While Gov. Josh Shapiro’s signature on the spending plan in August has allowed most of those dollars to be sent to K-12 schools, state workers’ paychecks, and other programs, disagreements between the Democratic-controlled state House and Republican-controlled state Senate over a handful of budget-enabling bills have left funding for libraries, community colleges, and nonprofits across the commonwealth in legislative purgatory.
Top lawmakers are aware of the consequences of their inaction, and while trading blame, have set a high bar for the coming session days.
“We cannot leave Harrisburg next week without addressing some of the things that must be taken care of,” Senate President Pro Tempore Kim Ward (R., Westmoreland) told Spotlight PA Tuesday. “And I don't believe that we will [leave without finishing].”
Although both chambers have only scheduled three days of votes in what will almost certainly be the final session week for months, leaders in both chambers have told lawmakers and staff to prepare for up to a full week in Harrisburg.
That’s because a failure to act this coming week could have extended consequences. In an email Tuesday, state House Speaker Joanna McClinton (D., Philadelphia) announced that the lower chamber will take a nearly three month break from voting session this winter while repairs are made to water damage in the chamber’s ceiling.
The construction means the legislature will be unable to send any bills to Gov. Josh Shapiro until the chamber reopens in mid-March. The closure also happens to coincide with the resignation of a Democratic representative who won a judgeship this November, which will cost the chamber’s Democrats their one-vote majority until at least February.
The main item on this coming week’s agenda is finishing code bills, the budget-related legislation that serves as an instruction manual for state spending.
There’s a lot of ground to cover.
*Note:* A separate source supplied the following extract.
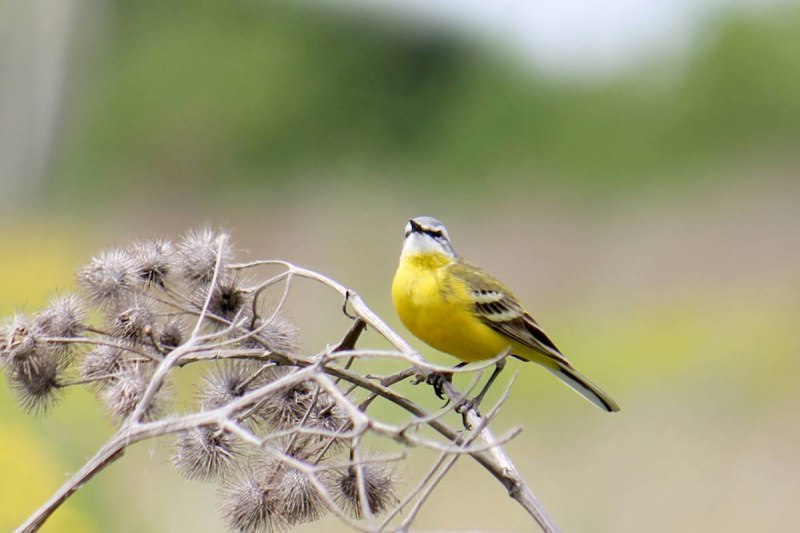 Birds of Kazakhstan names and descriptions
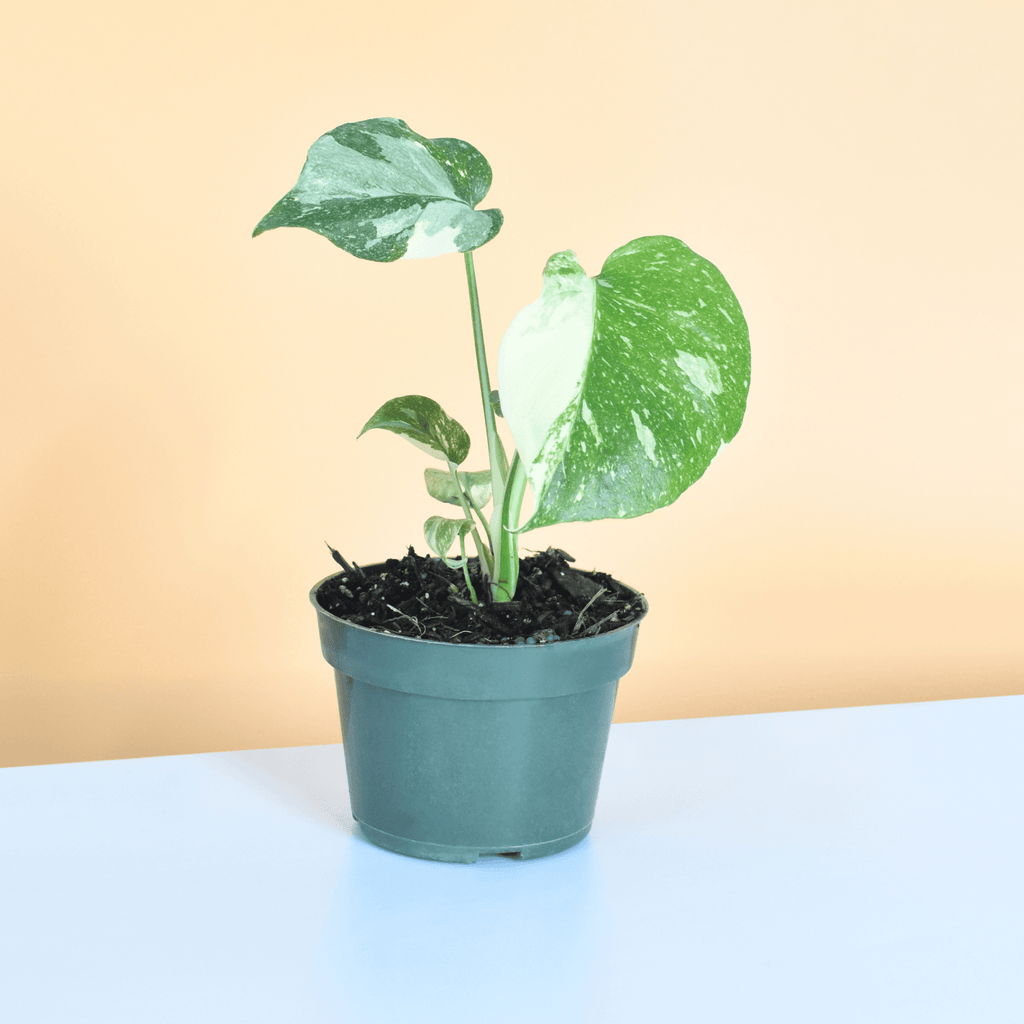Monstera Thai Constellation - Cheeky Garden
For months, state House Democrats and state Senate Republicans have struggled to find compromise, spending the fall trading different code bills that include similar proposals and pet priorities, but are packaged in differing ways.
Those competing bills have included increases in a state tax credit for private school scholarships — a Republican priority — and authorization for the Shapiro administration to spend hundreds of millions of state dollars on a number of fully-funded education programs — a top issue for Democrats.
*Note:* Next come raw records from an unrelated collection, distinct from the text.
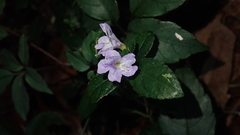 Strobilanthes tetrasperma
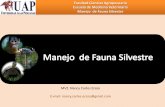 Manejo de Fauna Silvestre - uap.edu.pe · y tiene como objetivo brindar los conocimientos fundamentales sobre: ... terapéutica y medicina en reptiles, aves y mamíferos) -Nutrición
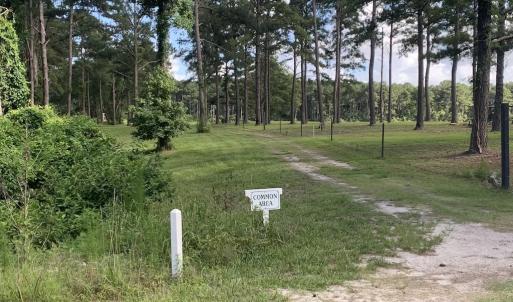 Photo #27 of SOLD property in Off New Lake Road, Belhaven, NC 60.0 acres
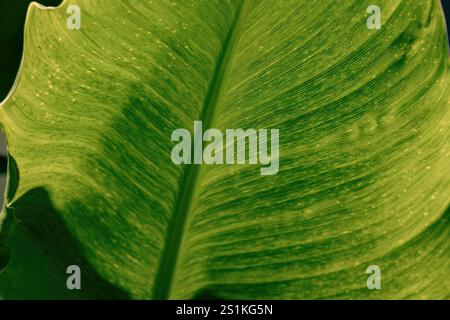 Extreme Nahaufnahmen der Adern eines indischen Shot Blattes, beleuchtet durch das Licht der Morgensonne, in einem Garten in den östlichen Anden. Stockfoto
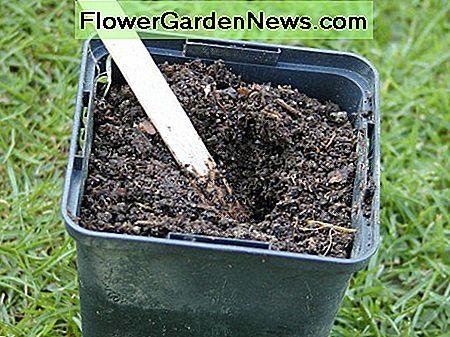 Machen Sie eine Mulde im Kompost Make a hollow in the compost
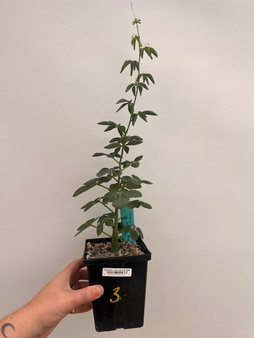 Adenia glauca 5" Pot 3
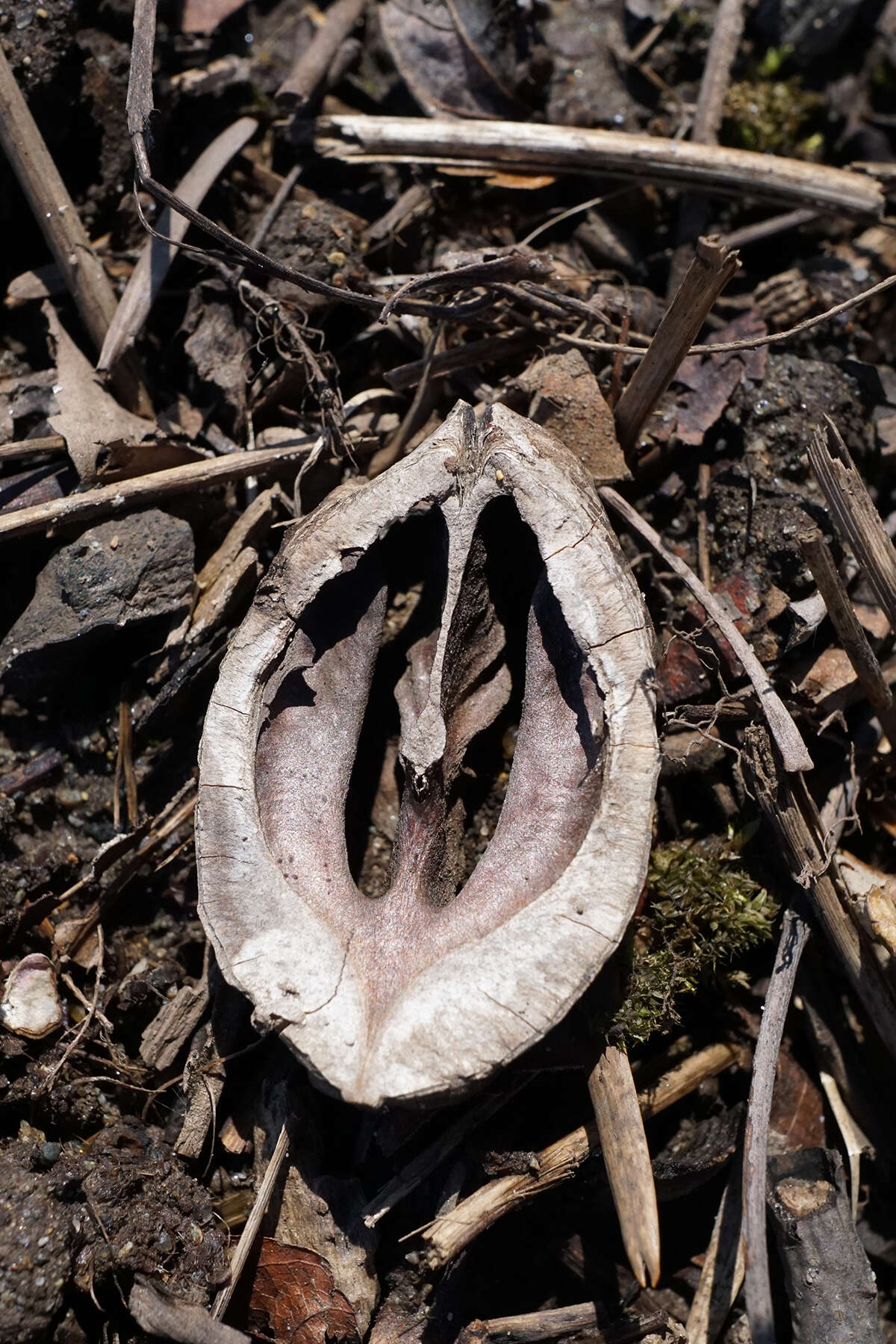 Image of shellbark hickory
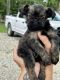 Brussels Griffon Puppies for sale in Powhatan, VA 23139, USA. price: $3,000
Along with releasing funding for community colleges and libraries, the legislation is needed to route extra dollars to the state’s poorest districts, fund universal free school breakfast, and create a stipend program for student teachers.
At a ceremonial bill signing on Dec. 1 for legislation finally funding four state related universities held up amid the impasse, Shapiro noted that much of the budget was finished, but that lawmakers still “have a lot of work to do.”
“I have reason to be optimistic given how much progress we've made over the last few months,” Shapiro added. “And I'm hopeful that that progress will continue when they return.”
Democrats’ plans for a long absence in the new year drew criticism from legislative Republicans. Some rank-and-file members said it was politically motivated, given the majority party’s pattern of recessing the chamber for months whenever their majority disappears.
“We should not skip voting session every time the Democrats lose their slim majority,” state Rep. Brad Roae (R., Crawford) said in a statement.
Others, such as Senate Majority Leader Joe Pittman (R., Indiana), simply offered snark.
“You would think if I-95 could be opened in 12 days they can fix a water leak in a shorter period of time than 12 weeks,” Pittman told Spotlight PA.
But for their part, House Republican leadership did not criticize the timing.
“Understanding that significant work needs to be done to repair water damage to the House chamber, while also recognizing that much unfinished work remains legislatively, House Republicans are prepared to ensure the voices of their districts are heard during any scheduled session days,” House GOP spokesperson Jason Gottesman said in a statement.
Democrats control the House by a single vote, and have had to navigate five vacancies since last year’s election, including one due to a death and four from resignations. A sixth is set to open up next Friday, when state Rep. John Galloway (D., Bucks) has said he will resign his seat in preparation of taking a local judgeship he ran for and won in the November municipal election.
Under state law, the earliest McClinton could schedule a special election to fill Galloway’s suburban Philadelphia seat is February 13. Democrats are favored to hold the seat and their majority, although the district has trended Republican in recent statewide races.
In her email to state House lawmakers, McClinton said the leak in the top floor of the main Capitol building is “severe,” and will require Capitol employees to do “weeks of scaffolding preparation, site evaluation, and hopefully remediation and renovation to the areas affected.”
In an interview with Spotlight PA last week, she added that the repairs were needed to "protect such a beautiful historic site and make sure that it doesn't fall into any disrepair, or bring any lack of safety to everyone who's in and out" of the chamber.
McClinton’s office did not reply to follow-up questions on the timeline for repairs, or on holding voting sessions in another location. Current state House rules allow lawmakers to vote remotely.
The House will still meet, as is constitutionally required, on the first Tuesday of the year in the chamber. It will then convene an unusual session in the Capitol’s rotunda on the first Tuesday of February for Gov. Josh Shapiro’s annual budget address.
Even with the long winter recess, however, the state House has scheduled three more 2024 voting session days than the state Senate.
“I am fully confident that we will have a productive and meaningful Spring 2024 session, even as we work through some of these scheduling obstacles,” McClinton said.